Ben keşkelere çok inanmam, yaşanması gerekiyordu yaşandı diye bakarım. Hepsinden bir ders çıkardığım için de hepsi gerekli diye düşünüyorum. Yorgunluklarım, kızgınlık- larım olsa da asla keşke demiyorum. Çünkü yaşanılmış yaşanılması gerekiyordu diye bakarım. Ha şöyle hep doğru zaman doğru mekan diye düşünmüşümdür. Mesela Üniversiteye ilk geldiğimde bir bisiklet aldım. Neden kasabada benim bisikletim yoktu. Ama bunu da kendime dert etmedim. Demek ki o tarihte almam gerekiyormuş. Ha! ben ortaokulda ve lisede okurken bisikletimin  veya bir basket topumun olmasını isterdim. Benim basket topum vardı hala ofiste duruyor çünkü o benim için çok önemlidir. Ama onlara sahip olamadım diye de çok canımı sıkmadım, yoksa yoktur ne yapalım dedim.

Eğer yarın öleceğinizi bilseniz ne yaparsınız?
Yarın öleceğimi bilseydim en çok sevdiklerimi, ailemi görmek isterdim.

Bir anınızı anlatır mısınız?
Harbiye açık hava tiyatrosunda bir hanımefendi kulise geldi. Benden hatıra olarak kıyafetlerimden birini istedi. Bende kıyafetleri arabaya göndermiştim. Kulisteki çiçeklerden birini ona gönderdim ama kıyametler koptu. Meğer o benim verdiğim çiçeği bana getiren zaten kendisiymiş. Bende getirdiği çiçeği  ona geri vermişim. Ben jest olsun diye o çiçeği  ona göndermiştim ama rezil oldum.

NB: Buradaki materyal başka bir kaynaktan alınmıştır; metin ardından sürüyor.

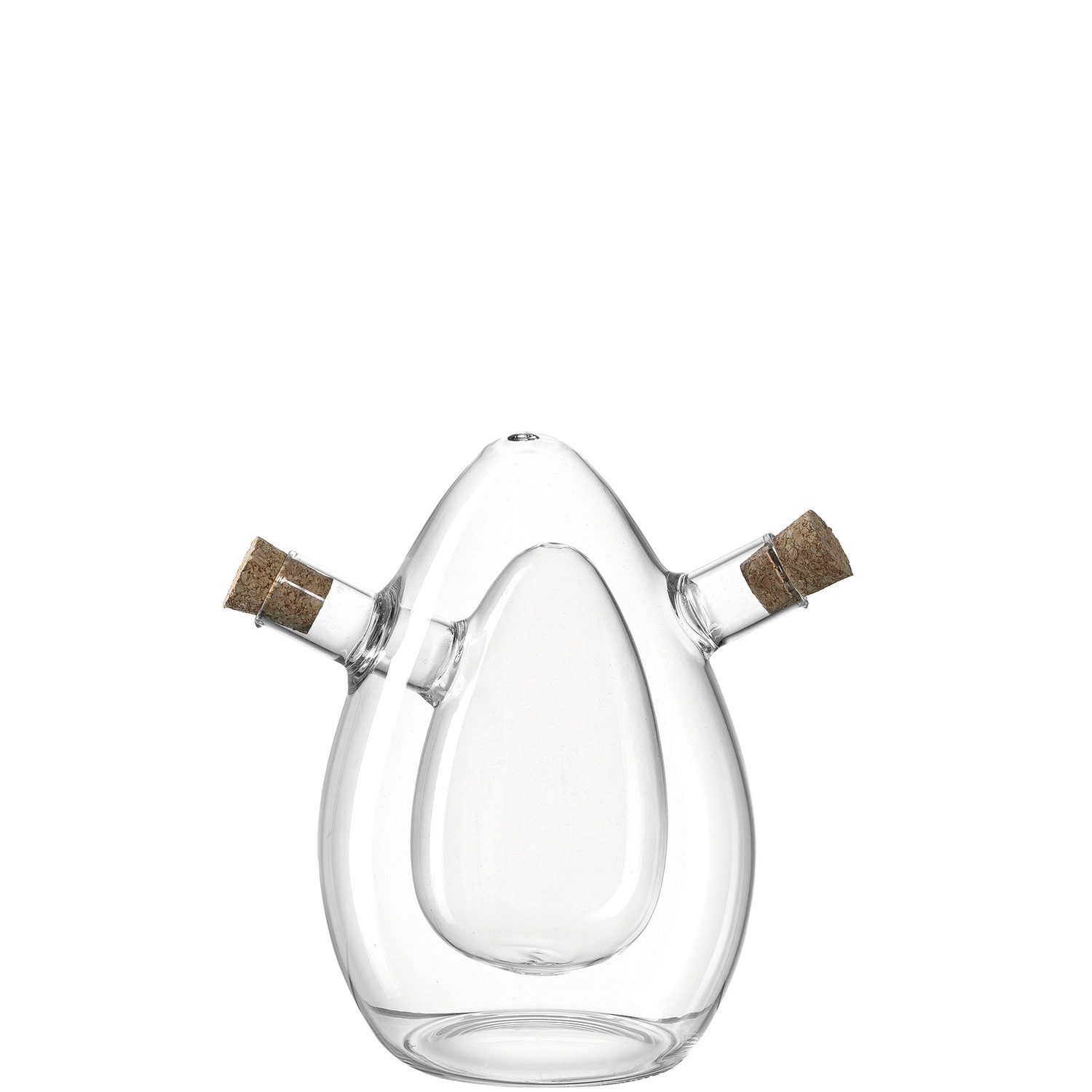 LEONARDO Ölkaraffe Cucina, (Packung, Essig/Öl Flasche), 2in1, inkl. Korkverschluss, Höhe: 15 cm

Sonra gönlünü aldım ama böyle bir kazaya kurban gitmiştim. 

Sihirli bir gücünüz olsaydı bu dünyada neyi değiştirirdiniz?
SİYASET VE SİYASETÇİLERİN OLMADIĞI SEVGİ VE AŞKIN OLDUĞU BİR DÜNYA İSTERDİM
Siyaseti ve siyasetçileri yok etmeyi düşünürdüm. O meslek grubunun dünyada olmamasını isterdim. Dünyada sadece bilim, sanat, kültür ve aşkın olmasını isterdim. 

Bir çok ödül aldınız. Altın adam size ne ifade ediyor?
Ben aslında ödüllere çok takılmıyorum o kadar çok ödül aldım ki  ofise sığmıyor. Elbette bunlar benim  koşuda kazandığım  madalyalardır. Duygularım okşanıyor, okşanmıyor değil ama benim için asıl ödül hayattan ve halktan aldığım ödüllerdir. 

Halka mesajınız
En başta cesur olsunlar. Yeri geldi mi selam vermek için bile başını eğmesinler. Bayan iseler lütfen özgür olsunlar asla bir erkeğe bağımlı olmasınlar ve de mutlu olsunlar.